Posted May 02, 2009 12:50 am CDT
“I’ll gladly pay you Tuesday for a hamburger today,” was the oft-repeated plea by Popeye’s friend J. Wellington Wimpy. Increasingly, law firm clients appear to be adopting that modus operandi.
“Clients are hanging on to their money longer,” says Larry Wolfe, the Cheyenne, Wyo.-based former managing partner at 410-attorney Holland & Hart. “We track that daily and see that clients who used to pay within 30 days are stretching it out to 40.
“Clients are saying they want a discount off this bill, a reduction in fees, discounts on future work, or ‘Here’s all I can pay now.

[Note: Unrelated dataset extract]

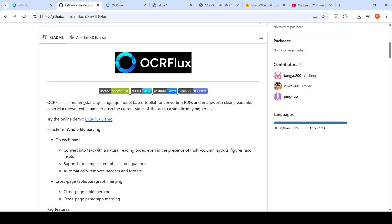OCR Flux is a lightweight, multi-model, large-language model-based toolkit for converting PDFs and images into clean, readable, plain markdown text.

Can we set up a payment plan?’ ”
Though large firms are less likely to talk about the problem (10 BigLaw firms didn’t respond to interview requests or declined to comment on their collection rates), the collection conundrum has hit firms across the spectrum.
“Our data supports the idea that collections have become a challenge, which is best seen in the lengthening of the collection cycle and risk of default,” says Hildebrandt International’s Mark Medice, who is based in Pittsburgh. “Early indications for full-year 2008 are that the cycle has increased by 5 percent or more from years prior. It’s also seen in the higher percentages of aged receivables, especially those greater than 180 days.”

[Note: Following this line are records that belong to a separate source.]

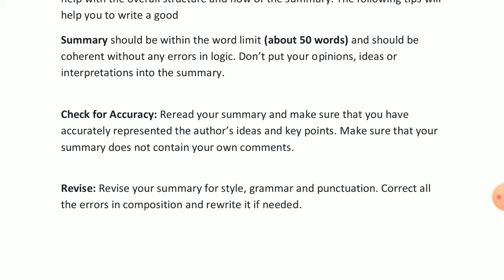Do not put your own opinions, ideas, or interpretations into the summary. You may know more about a concept than what is given in the passage, but do not exaggerate. Strictly follow only the information given in the passage. Adding personal viewpoints will over-complicate the situation, waste time in the exam, and cause the word limit to exceed.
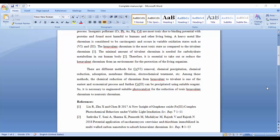In this tutorial, we'll learn how to cite references or bibliography in your research article.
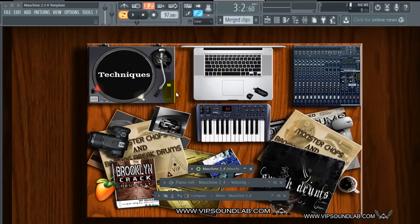What's going on, Fontaine here, vipsoundlab.com. We're back on another tutorial video. This time it's going to be a member request video — I just got an email about how to integrate Maschine 2.2.4 with the new FL 12.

“A lot of clients who were good payers in the past are now bad payers,” says Mike Lober, the Roswell, Ga.-based managing partner of the six-attorney firm Morriss, Lober & Dobson. “We had a group of clients you always knew would pay 45-60 days out, and now they’re starting to pay a little slower or always have an excuse—a line of credit’s been drawn down or something like that.”
The problem is more crippling for Chicago solo Tamara Holder, who specializes in criminal defense and expunging the records of the formerly convicted. “Expungement clients are becoming more aggressive in not wanting to pay or wanting discounts,” she explains. “It’s hard for me to finish the work, and it puts me in danger of committing malpractice.”
Holder’s criminal work has also taken a hit. “In the past, people were paying bonds by refinancing their home,” she notes. “Now they can’t post bond. Therefore they can’t afford an attorney. It means less criminal defense business.” Holder is considering letting office staff go.
As much as they can, law firms are trying to be patient and creative. Lober’s firm has begun to offer 5 percent discounts for clients that pay within 10 days, and has opened discussions about monthly retainers and flat-fee projects.
Firms are also retooling their billing systems. Wolfe has asked his attorneys to step up the pace in turning in time sheets, and reviewing and sending out invoices. When that happens, he says, collections increase substantially.
At Hiscock & Barclay, a 160-attorney East Coast firm, two full-time staff members troubleshoot when clients fail to pay. They’re busier than ever, according to managing partner John Langan, who works in the firm’s Syracuse, N.Y., office. The outcome is often a negotiated payment plan.
And invoices practically fly out Hiscock’s door. “I started communicating with partners every week about recording time and getting bills turned around,” explains Langan. “We shortened that cycle so that bills that would have gone out the door between the 15th and 30th of the month now go out by the 10th or 12th.”
Much bigger changes could arise if the economy continues to suffer.
“If the downturn continues through the third and fourth quarters of 2009, the entire legal profession will probably have to rethink forever how we package, sell and bill our services,” says David P. Branfman, principal at Branfman Law Group in San Diego. “My firm is working up a 10-page menu of services. We’re packaging as much work as possible and trying to deliver services on a fixed-fee basis because we think clients want it.
“Firms that use this as an opportunity to change will be more successful than ones that don’t.”
Still, though the data from Hildebrandt shows hourly billing rate growth slowed in the fourth quarter of 2008 to 5.8 percent—down from an average of 7 percent throughout the year—Medice isn’t ready to declare the billable hour dead.
“There’s more opportunity to explore creative rate structures,” he says, “but I think the billable hour is safe for the time being.”